Subject: Double Numerical Integration

From: V

Date: 14 Jan, 2009 17:20:17

Message: 1 of 5

Hi All,
I am trying to numerically evaluate a double integral function, z = f(x,y) over the limits (0,75000). The typical values of z are in the range 0 to 10^5. So the volume calculated under the surface plot is very large. This integration step takes several minutes (typically 15-20 mins) but when the step is repeated 75 times (for varying limits - still in 10^3 units), the whole process can take several hours to complete.
I am wondering if anyone knows of a simpler way of solving the problem which takes large limits that takes reasonable to solve as opposed to the current time of a few hours.

Cheers...

Subject: Double Numerical Integration

From: Sadik

Date: 14 Jan, 2009 17:31:01

Message: 2 of 5

"V" <javiar@rediffmail.com> wrote in message <gkl6sh$97r$1@fred.mathworks.com>...
> Hi All,
> I am trying to numerically evaluate a double integral function, z = f(x,y) over the limits (0,75000). The typical values of z are in the range 0 to 10^5. So the volume calculated under the surface plot is very large. This integration step takes several minutes (typically 15-20 mins) but when the step is repeated 75 times (for varying limits - still in 10^3 units), the whole process can take several hours to complete.
> I am wondering if anyone knows of a simpler way of solving the problem which takes large limits that takes reasonable to solve as opposed to the current time of a few hours.
>
> Cheers...

Hello V, :)

I believe the answer to your question depends on your function f(x,y). Could you give a few more details about it?

Thanks.

Subject: Double Numerical Integration

From: V

Date: 14 Jan, 2009 17:45:03

Message: 3 of 5

To simplify it .. lets say i would like to evaluate the volume of a cuboid over the limits x_Lower = y_lower = 0 and x_Upper = y_Upper = 75000. The height of z is kept constant at say 3. There is a loop where this process is repeated 75 times but each time a slightly lower volume is calculated until the volume calculated comes to zero. The above example takes approx 20 mins to solve.
I was hoping if i could find a way of solving the same prob in lesser time <5 min

Cheers ..

Subject: Double Numerical Integration

From: Roger Stafford

Date: 15 Jan, 2009 01:52:01

Message: 4 of 5

"V" <javiar@rediffmail.com> wrote in message <gkl8av$ho5$1@fred.mathworks.com>...
> To simplify it .. lets say i would like to evaluate the volume of a cuboid over the limits x_Lower = y_lower = 0 and x_Upper = y_Upper = 75000. The height of z is kept constant at say 3. There is a loop where this process is repeated 75 times but each time a slightly lower volume is calculated until the volume calculated comes to zero. The above example takes approx 20 mins to solve.
> I was hoping if i could find a way of solving the same prob in lesser time <5 min
>
> Cheers ..

  There is at least one way you can presumably save time. When you say, "each time a slightly lower volume is calculated", that sounds as though the area covered in the x-y plane is gradually shrinking. If I have understood correctly, this means that there are portions that are being covered repeatedly and this is a very wasteful way to proceed.

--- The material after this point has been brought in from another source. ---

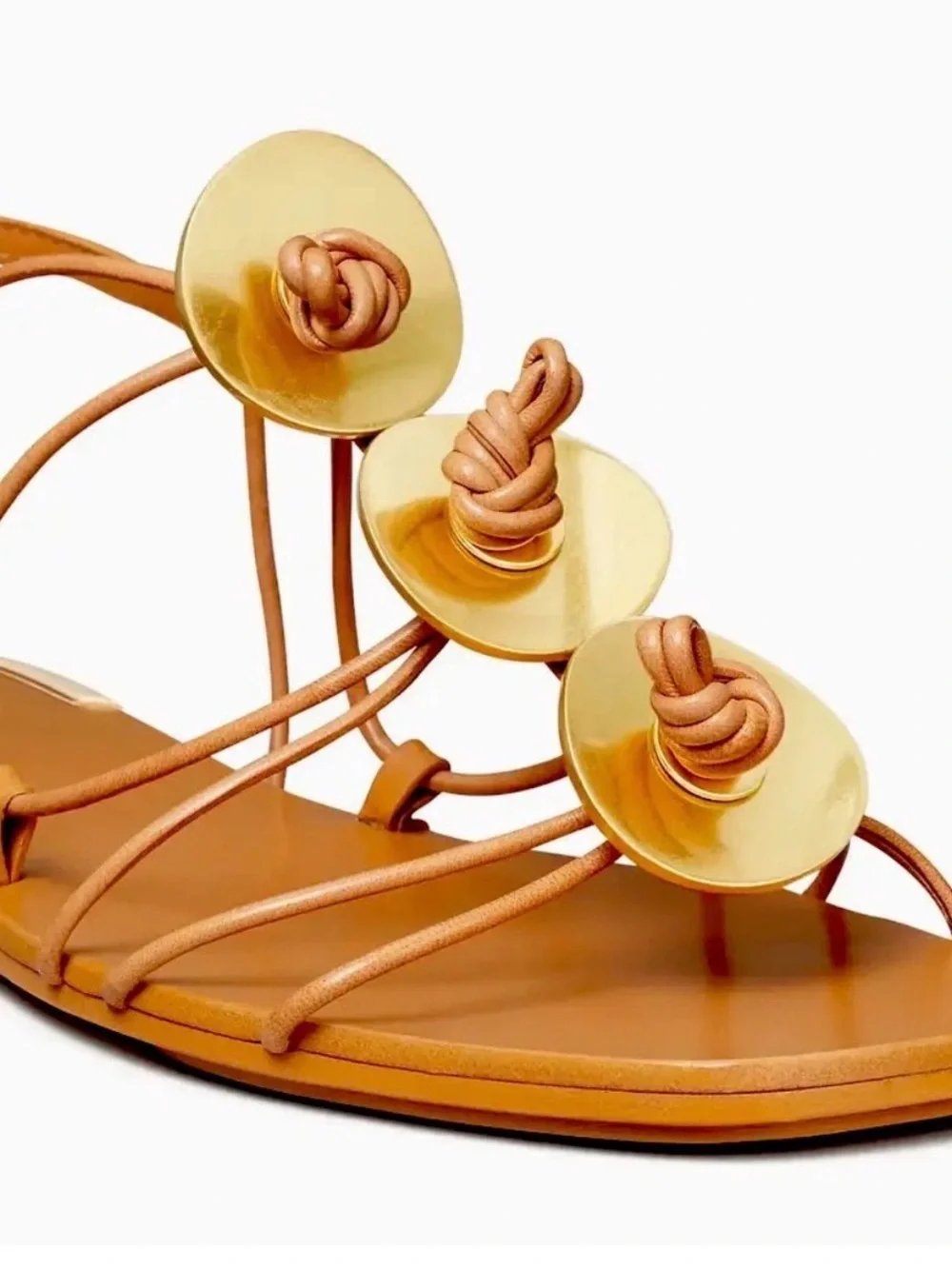 Tory Burch Artisanal Knot Tan Leather Sandal with Gold Accents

  Let us say that one time you integrate over the area 0<=x<=40000, and 0<=y<=40000. The next time you cover 0<=x<=39000 and 0<=y<=39000. This second area was already covered in the first integration and need not be recalculated (unless your function z=f(x,y) has been altered.) To get from the first integral to the second one, all you need is the integral over the L-shaped area between the two squares, which can then be subtracted from the first integral. Since it covers a smaller area it can be computed more quickly (hopefully!) To integrate over the L-shape with 'dblquad', break it into two rectangles.

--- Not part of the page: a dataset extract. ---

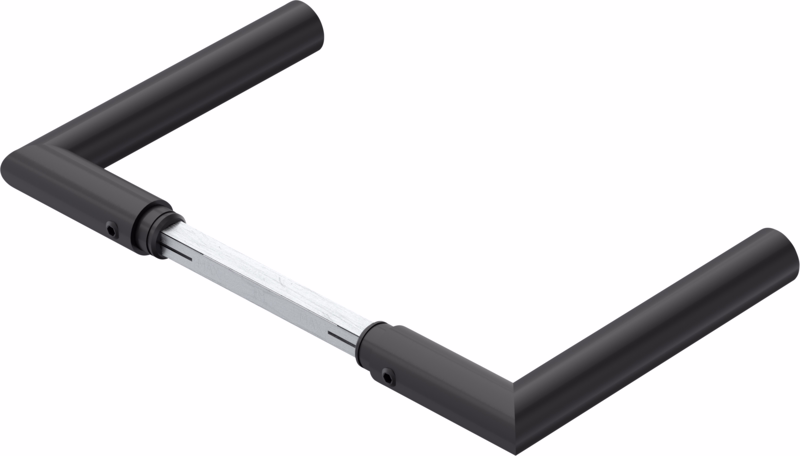 Dørgreb sort F-form Ø18 u/roset 40-65 7024.20AB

  If you reverse the order, integrating the smallest area first and expanding from there, then instead of subtracting integral values you can accumulate them with possibly greater convenience and accuracy.

  There is the option in 'dblquad' of setting a tolerance level. The smaller the errors tolerated, the longer it takes to integrate, so you should carefully balance between allowed errors and computation time based on your needs.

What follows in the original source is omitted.